I am reading an actuarial textbook (Nonlife Actuarial Models Theory, Methods and Evaluation by Yiu-Kuen Tse) and I want to understand the author's calculation of the expected value of a loss variable $X_L$ (defined as $$X_L = \left\{\begin{array}{l} 0 , & X \leq d\\ X-d , & X >d \end{array}\right\}$$ for some deductible $d$ and where $X$ is a continuous variable). To calculate $\text{E}(X_L)$, the author shows $$\begin{align}\text{E}(X_L) &= \int_{0}^{\infty}{xf_{X_L}(x)dx}\\ &= \int_{d}^{\infty}{(x-d)f_{X}(x)dx}\\ &= -\int_{d}^{\infty} (x-d)dS_X(x)\\ &= -\left[(x-d)S_X(x)|_{d}^{\infty} - \int_{d}^{\infty} S_X(x)dx\right]\\ &=\int_{d}^{\infty} S_X(x)dx \end{align}$$
My question is about the justification for going from line 2 to 3 and then again from 3 to 4. From line 2 to 3, I understand we are using the equation $f_X(x) = -\frac{dS_X(x)}{dx} $ but how can we just substitute in the integral without having to change anything? Is this something related to line 3 being a Riemann–Stieltjes integral or something simpler?

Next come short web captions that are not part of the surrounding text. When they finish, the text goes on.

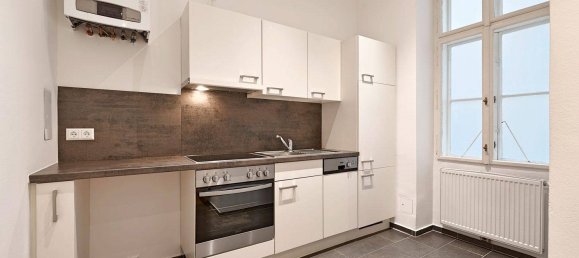 Apartamento de 3 divisões em Margareten, Austria N.º 183391 6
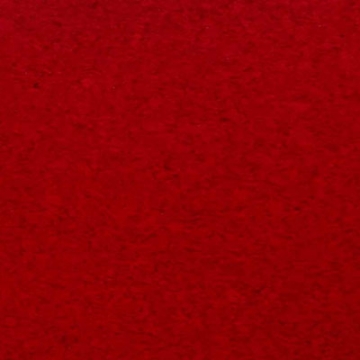 Picture of Globus Cork - Traditional Texture 6 x 6 Burnt Orange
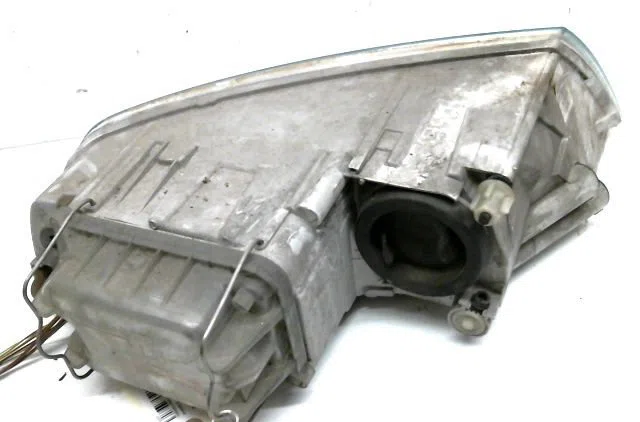Phare gauche Skoda OCTAVIA II (1Z3) 2.0 fsi (2004-2008) occasion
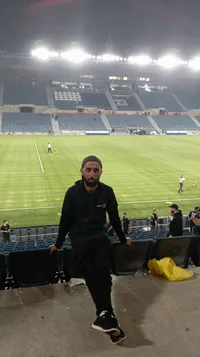 عبد الرحمن  عطالله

For lines 3 to 4, from searching around, I found the accepted answer from this question Riemann-Stieltjes integral, integration by parts (Rudin) , so I was wondering are we making use of a similar theorem (I know below says to a constant and not to $\infty$) to get from lines 3 to 4 here? The theorem in question: $$\int_{a}^{b} g(x)df(x) = f(b)g(b) - f(a)g(a) - \int_{a}^{b} f(x)dg(x)$$.